II.                                 La décision prise le 13 juin 2013 par la Municipalité de Cossonay est confirmée, le délai pour l'exécution par substitution des travaux de démolition, selon le ch. 1 du dispositif, étant reporté au 2 mars 2015, et le délai fixé aux recourants pour exécuter eux-mêmes l'ordre de démolition étant reporté au 9 février 2015.

III.                                L'émolument judiciaire, arrêté à 2'500 (deux mille cinq cents) francs, est mis à la charge des recourants Fabrice et Chantal Porchet.

IV.                              Une indemnité de 1'500 (mille cinq cents) francs, à payer à la commune de Cossonay à titre de dépens, est mise à la charge des recourants Fabrice et Chantal Porchet.

 

Lausanne, le 19 décembre 2014

 

Le président:                                                                                             Le greffier:

 

Le présent arrêt est communiqué aux destinataires de l'avis d'envoi ci-joint.
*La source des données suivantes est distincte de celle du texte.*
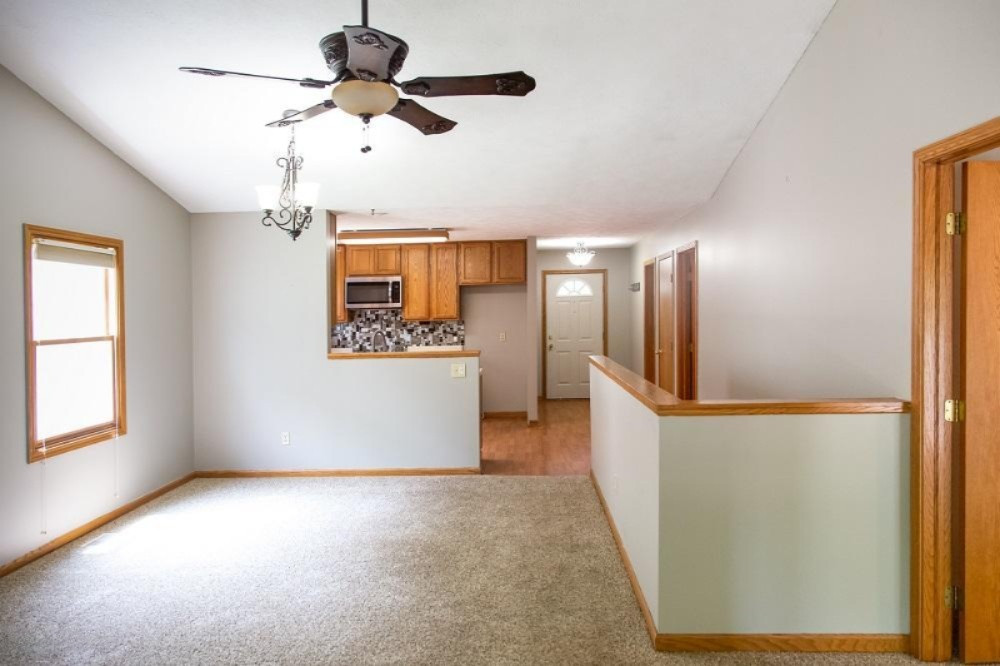 331 Pratt Road Kalamazoo, MI 49008 - Photo 10 of 29 27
Il peut faire l'objet, dans les trente jours suivant sa notification, d'un recours au Tribunal fédéral. Le recours en matière de droit public s'exerce aux conditions des articles 82 ss de la loi du 17 juin 2005 sur le Tribunal fédéral (LTF - RS 173.110), le recours constitutionnel subsidiaire à celles des articles 113 ss LTF. Le mémoire de recours doit être rédigé dans une langue officielle, indiquer les conclusions, les motifs et les moyens de preuve, et être signé. Les motifs doivent exposer succinctement en quoi l’acte attaqué viole le droit. Les pièces invoquées comme moyens de preuve doivent être jointes au mémoire, pour autant qu’elles soient en mains de la partie; il en va de même de la décision attaquée.